Corell: EU must revise fisheries agreement, oil drilling irresponsible
Former UN Legal Counsel Hans Corell urges in an article yesterday the EU to revise its Fisheries Partnership Agreement due to the Moroccan King's recent statement on Western Sahara. He also states that the oil exploration is in violation of the legal opinion he wrote for the UN Security Council.
In an article, The Responsibility of the UN Security Council in the Case of Western Sahara, appearing in International Judicial Monitor, 23 February 2015, former UN legal counsel Hans Corell slams the EU's and the international oil companies' approach to natural resource exploitation in Western Sahara.
Both the EU and the oil companies themselves use the UN Legal Opinion that Corell wrote to legitimise its operations.
Corell has particularly taken notice of the spectacular statement of the Moroccan King last year, in which the Moroccan government rejects dealing with the Western Sahara in the light of decolonisation and self-determination.
"Against this background, the [UN Security] Council should examine the legality of the EU-Morocco fisheries agreement. The appropriate way to receive an authoritative answer to this question is for the Council to request the International Court of Justice to give an advisory opinion on the question in accordance with article 96 of the UN Charter. In case the Council is unable to unite behind such action, the General Assembly could take the initiative."
Corell also slams the oil search going on in the territory:
"The latest development with respect to natural resources is a contract between Morocco and two companies, Kosmos and Glencore, relating to oil exploration and exploitation in the Cap Boujdour area off the coast of Western Sahara. I can see from the web that the two companies maintain that this contract is in conformity with my 2002 legal opinion. Regrettably, it is not. Already signing an agreement in which Morocco refers to Western Sahara as “the southern provinces of the Kingdom of Morocco” is at variance with Corporate Social Responsibility and the principles Protect, Respect and Remedy"; Corell notes.
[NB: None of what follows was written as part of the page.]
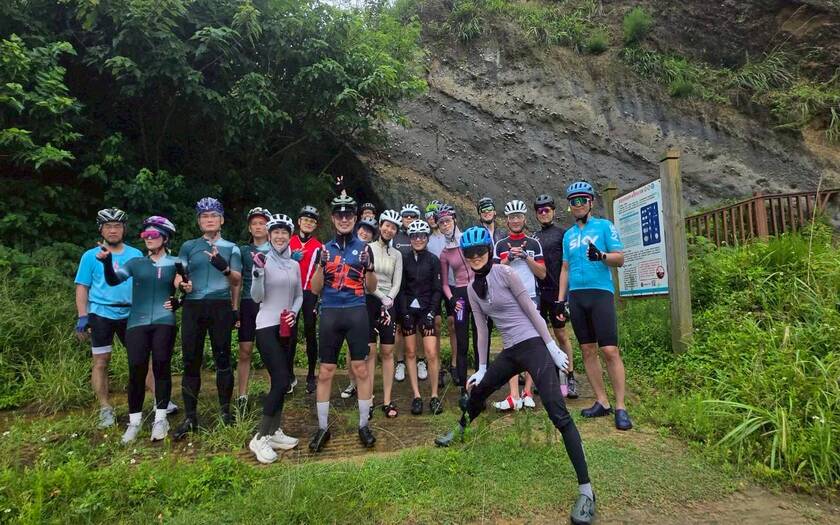 CyclingTaiwan,CyclingAdventure,單車看見台灣,台灣旅遊,biketour,專案團,經典單車環島,Moxa,四零四科技,,單車環島,新竹鹿港,南港賞鳥區,大山車站,西湖溪自行車鐵橋,過港貝化石層,後龍海角樂園,風力發電,新埔車站,通霄車站,大安休息區,中彰大橋,鹿港,亞太鹿港渡假村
Morocco occupies the major part of its neighbouring country, Western Sahara. Entering into business deals with Moroccan companies or authorities in the occupied territories gives an impression of political legitimacy to the occupation. It also gives job opportunities to Moroccan settlers and income to the Moroccan government. Western Sahara Resource Watch demands foreign companies leave Western Sahara until a solution to the conflict is found.